WORK TO BE COMPLETED: Dropping every picture, set down exactly the lines in the entries below, starting with the line with "escape unhurt Fire" and going on through the line with "Cleaning The Grill".

DATASET RECORDS:
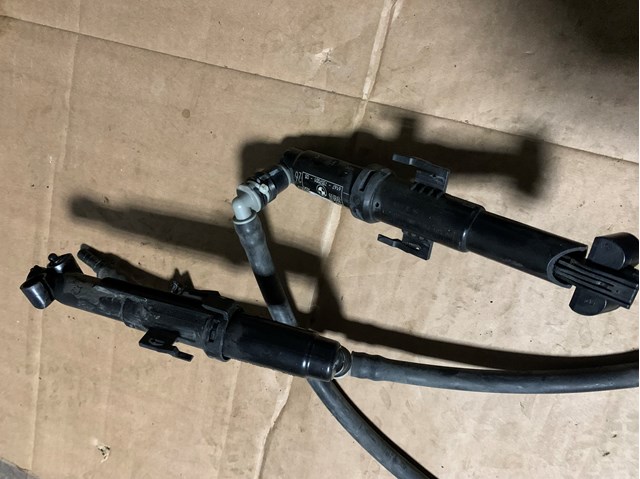 Сопло омивача фари передньої, лівої 61677357001 BMW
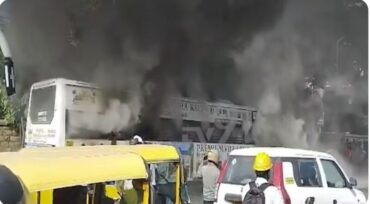 Fire breaks out in BMTC bus near St John’s Hospital in Koramangala; passengers escape unhurt Fire breaks out in BMTC bus near St John’s Hospital in Koramangala; passengers escape unhurt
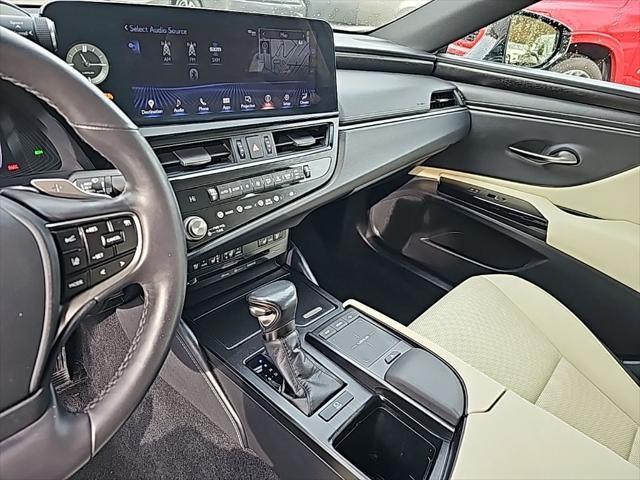 used 2022 Lexus ES 350 car, priced at $35,984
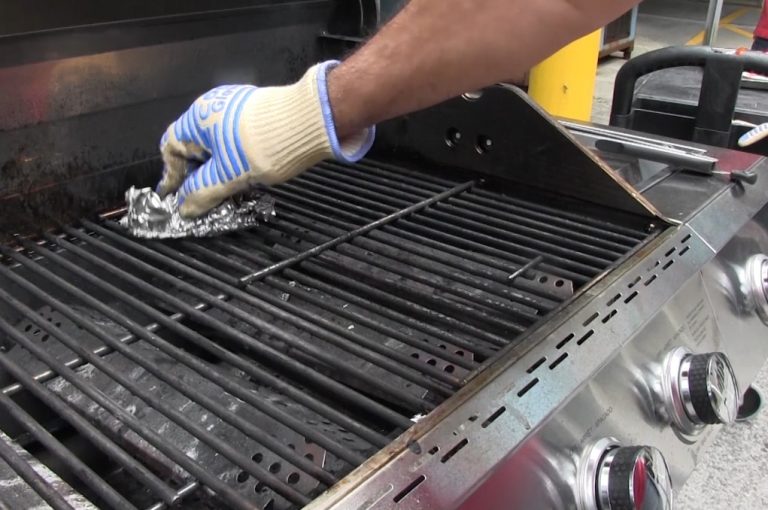 Cleaning The Grill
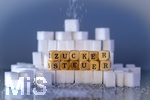 14.10.2026, Thema Zuckersteuer für Softgetränke. Studioaufnahme mit Würfelzucker und Schriftzug ZUCKERSTEUER.  Die Bundesregierung hat sich im Streit um die Zuckersteuer für Getränke geeinigt, Der Kompromiss sieht eine zweistufige Steuer und Ausnahmen für kleinere Hersteller vor. So soll ab dem 1. Juli 2027 ein Steuersatz von 26 Cent auf gesüßte Getränke mit einem Zuckergehalt ab 5 Gramm pro 100 Milliliter erhoben werden. Bei einem Zuckergehalt von 8 Gramm pro 100 Milliliter soll der Satz 32 Cent betragen.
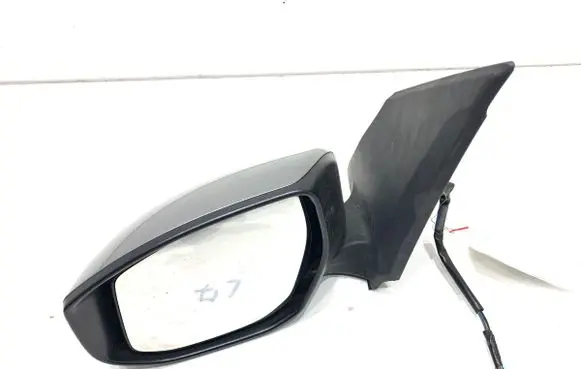 Nissan Pulsar Front door electric wing mirror 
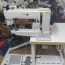 MAQUINA DE COSER PESADA, BRAZO CILÍNDRICO Y TRIPLE ARRASTRE CON GRAN LANZADERA BARREL PARA GUARNICIO RIDER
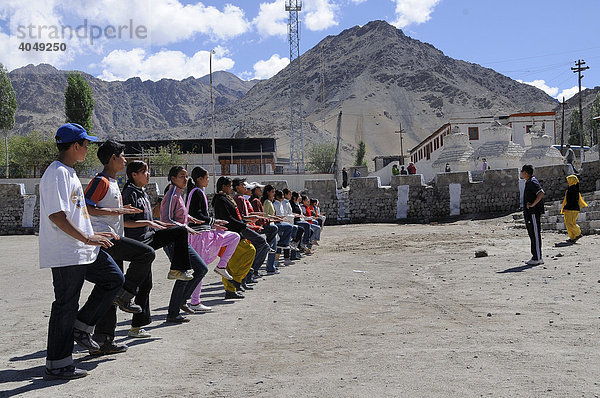 Ladakhischüler trainieren das Marschieren nach indischer Schultradition  Leh  Ladakh  Nordindien  Himalaya  Asien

OUTPUT:
 Fire breaks out in BMTC bus near St John’s Hospital in Koramangala; passengers escape unhurt Fire breaks out in BMTC bus near St John’s Hospital in Koramangala; passengers escape unhurt
 used 2022 Lexus ES 350 car, priced at $35,984
 Cleaning The Grill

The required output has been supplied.